__PROBLEM DETAILS__:
Copy out exactly the lines from the one containing "适合学生党,带隐藏提手的桌面MATX主机:9700X+5070+未知玩家P80" to the last line of the records below, both included, and leave out any pictures.

__THE DATA__:
□ □ □ □

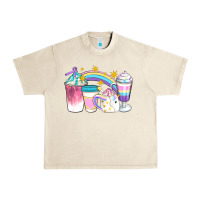 Sandshell Unicorn Coffee Cups Urban Heavy Tee - Artiststas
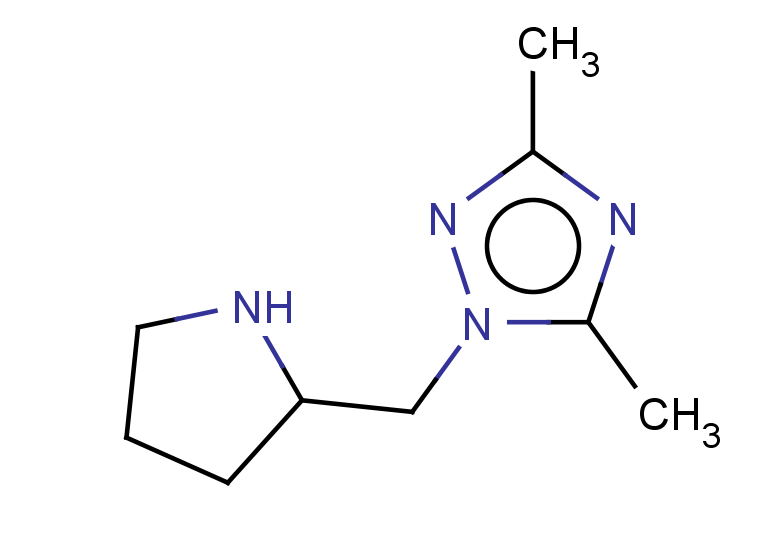3,5-dimethyl-1-(pyrrolidin-2-ylmethyl)-1H-1,2,4-triazole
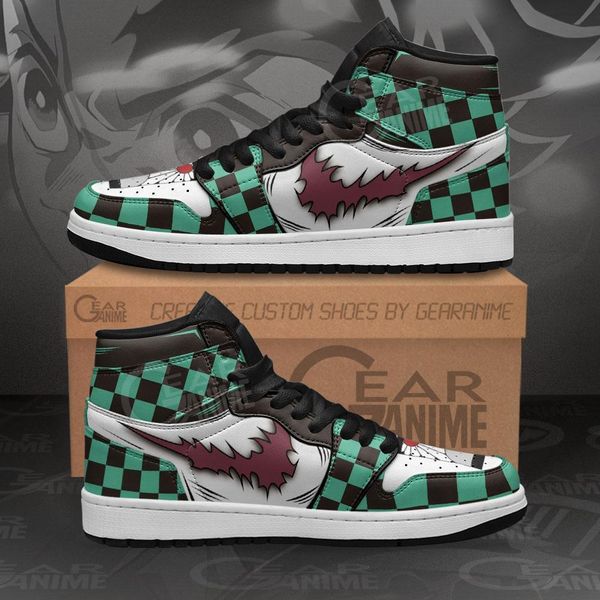 

tanjiro kamado sneakers demon slayer custom anime sho
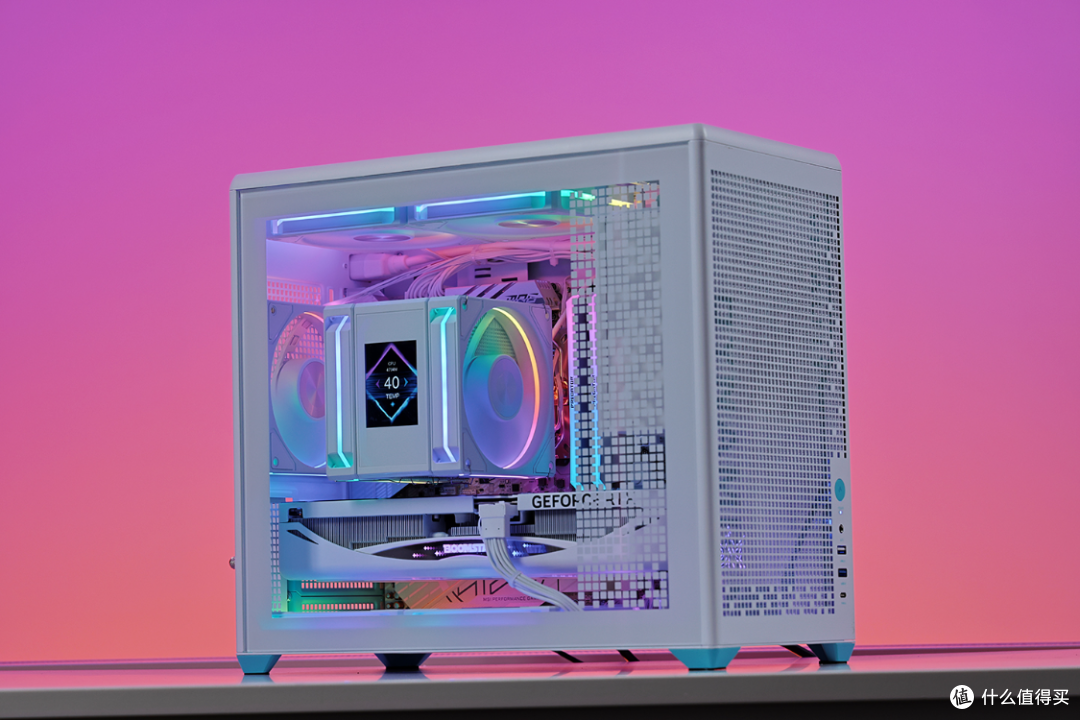适合学生党,带隐藏提手的桌面MATX主机:9700X+5070+未知玩家P80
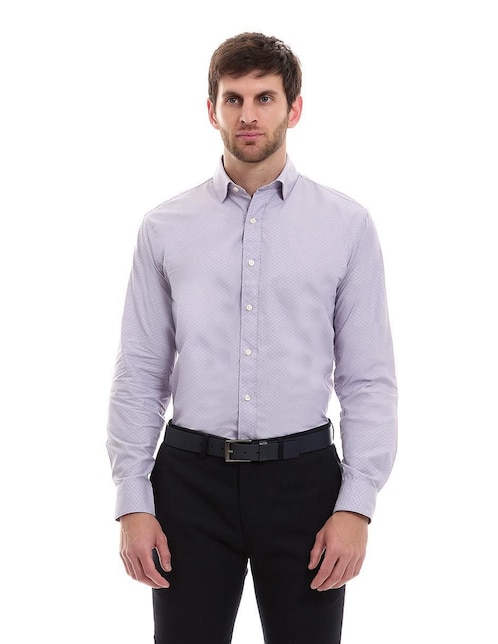 "camisa/sobrecamisa" formal vittorio forti "de" (si aplica) algodón "manga" larga "para hombre"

□ □ □ □

__EXERCISE OUTPUT__:
适合学生党,带隐藏提手的桌面MATX主机:9700X+5070+未知玩家P80
 "camisa/sobrecamisa" formal vittorio forti "de" (si aplica) algodón "manga" larga "para hombre"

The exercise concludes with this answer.